The implementation of the fencing procedure itself is not relevant. This algorithm's responsibility stops at calling the fencing procedure in the appropriate situation.

4. The Demotion Handshake (Return to Normalcy)

When the original Primary recovers:

  1. It becomes healthy locally but sees current_primary = Replica. It waits.
  2. The Replica (current leader) detects the Original Primary is back (via NATS heartbeats).
  3. Replica performs a Clean Demotion:
    • Stops DB.
    • Writes current_primary = None to NATS.
  4. Original Primary sees current_primary = None and can launch the promotion procedure.

Depending on the implementation, the promotion procedure may require a transition phase. Typically, for a PostgreSQL use case the promoting primary will make sure it has caught up on WAL replication before starting to accept writes.


Failure Modes & Behavior Analysis

Case 1: Immediate Outage (Power Cut)

  • Primary: Dies instantly. Fencing is implicit (machine is off).
  • Replica: Waits for failover_timeout (5s). Sees staleness. Promotes self.
  • Outcome: Clean failover after 5s.

// TODO detail what happens when the primary comes back up. We will likely have to tie PostgreSQL's lifecycle (liveness/readiness probes) with the agent to ensure it does not come back up as primary.

Case 2: High Network Latency on the Primary (The "Split Brain" Trap)

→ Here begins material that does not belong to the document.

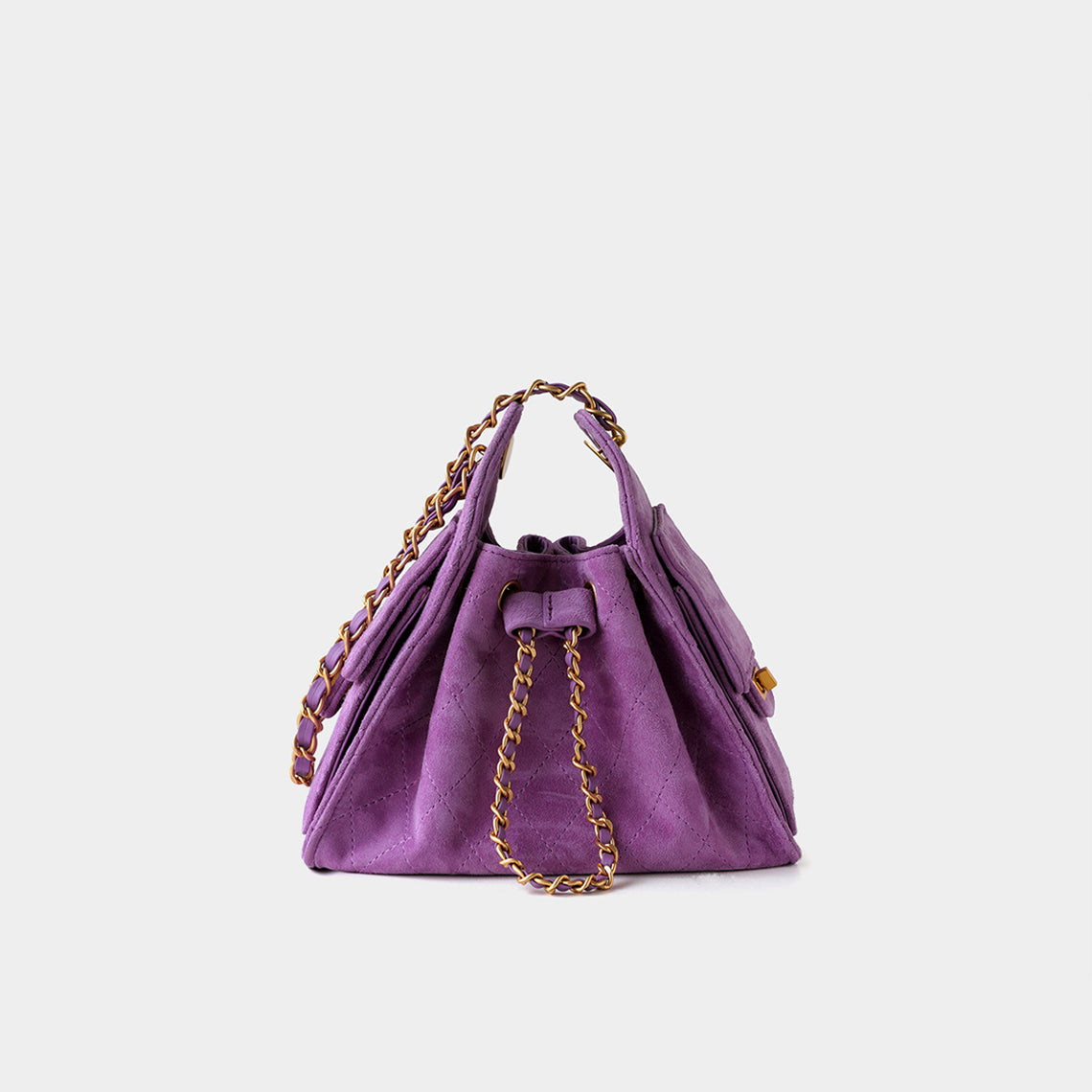 Sheep Suede Leather Quilted Chain Hobo Bag – POPSEWING®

  • Scenario: Network latency spikes to 5s on the Primary, still below heartbeat_timeout on the Replica.
  • T=0 to T=2 (Primary): Tries to write. Latency (5s) > Timeout (1s). Fails twice.
  • T=2 (Primary): consecutive_failures = 2. Primary Fences Self. (Service is DOWN).
  • T=2 to T=5 (Cluster): Read-Only Phase. No Primary exists.
  • T=5 (Replica): failover_timeout reached. Replica promotes self.
  • Outcome: Safe failover. The "Read-Only Gap" (T=2 to T=5) ensures no Split Brain occurred.

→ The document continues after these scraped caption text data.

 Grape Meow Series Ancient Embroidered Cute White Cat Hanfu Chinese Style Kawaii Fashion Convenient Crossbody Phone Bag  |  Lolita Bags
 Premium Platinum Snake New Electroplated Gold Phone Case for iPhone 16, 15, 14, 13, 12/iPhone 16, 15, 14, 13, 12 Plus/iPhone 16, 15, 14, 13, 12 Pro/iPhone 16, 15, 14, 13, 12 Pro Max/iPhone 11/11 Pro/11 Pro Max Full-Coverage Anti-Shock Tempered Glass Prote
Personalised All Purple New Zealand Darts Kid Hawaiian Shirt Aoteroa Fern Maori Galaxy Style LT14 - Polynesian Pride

Case 3: Replica Network Lag (False Positive)

  • Scenario: Replica has high latency, greater than failover_timeout; Primary is fine.
  • Replica: Thinks Primary is dead. Tries to promote by setting cluster_state.current_primary = replica_id.
  • NATS: Rejects the write because the Primary is still updating the sequence numbers successfully.
  • Outcome: Promotion denied. Primary stays leader.

Case 4: Network Instability (Flapping)

  • Scenario: Intermittent packet loss.
  • Primary: Fails 1 heartbeat, succeeds the next. consecutive_failures resets.
  • Replica: Sees a slight delay in updates, but never reaches failover_timeout.
  • Outcome: No Fencing, No Promotion. System rides out the noise.

Contextual notes

  • Clock skew : Tokio relies on monotonic clocks. This means that tokio::time::sleep(...) will not be affected by system clock corrections (such as NTP). But monotonic clocks are known to jump forward in some cases such as VM live migrations. This could mean a false timeout of a single heartbeat. If failure_threshold = 1, this can mean a false negative on the nodes' health, and a potentially useless demotion.
  • heartbeat_timeout == heartbeat_interval : We intentionally do not provide two separate settings for the timeout before considering a heartbeat failed and the interval between heartbeats. It could make sense in some configurations where low network latency is required to have a small heartbeat_timeout = 50ms and larger hartbeat_interval == 2s, but we do not have a practical use case for it yet. And having timeout larger than interval does not make sense in any situation we can think of at the moment. So we decided to have a single value for both, which makes the algorithm easier to reason about and implement.